2020 tech boom could be new dot-com bubble
Despite the US tech stocks dominating the market during the COVID-19 pandemic, the valuations are unlikely to be sustainable.
Ned Bell, chief investment officer at Bell Asset Management, said the speculative frenzy in the US tech sector was the dominant theme in August.
“While the FAANG stocks have been strong performers for several years, the recent performance has been quite staggering as speculators have pushed a handful of large tech names higher and higher,” Bell said.
“To some degree, we would suggest the current market frenzy is somewhat akin to the speculative investor behaviour of the late ‘90s that culminated in the dot-com boom and bust.
“While the IT giants are far more robust now, the current manic speculation does bare some resemblances to the late ‘90s when valuations were considered irrelevant, profitability wasn’t much of a consideration, thematics were king and momentum fed on itself.”
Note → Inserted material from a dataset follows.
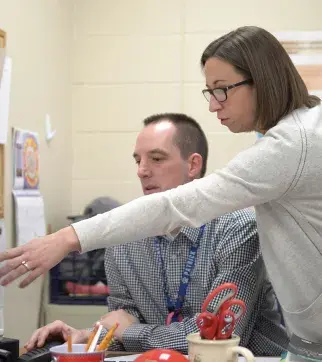 A woman with glasses and a light-colored cardigan leaning over to assist a male colleague who is seated at a desk. She is pointing at something while he appears to be working with office supplies including red scissors visible on the desk.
However, Bell said the recent performance of the big tech names was unsustainable and their valuations have become well and truly disconnected from their fundamentals.
Additionally, when looking beyond the FAANG stocks, he said the trajectory of the post COVID-19 economic recovery remained clouded.
“The economic pain inflicted by the pandemic has been extreme and doesn’t intuitively seem to be priced into equity markets at current levels,” Bell said.
“While we expect an eventual solid earnings recovery from global corporates, the current expectations implied by sell side consensus seems overly optimistic.
“While the market seemed to applaud the fact that most companies managed to beat materially lower earnings estimates – what seemed to be lost was the increasingly cautious outlook statements from many corporates.”
Bell also acknowledged the global small/mid cap sector had lagged behind the broader market.
According to FE Analytics, within the Australian core strategies universe, the global small/mid cap sector returned an average of 24.49%, compared to the MSCI World Index which returned 42.65%, over the last three years to 15 September, 2020.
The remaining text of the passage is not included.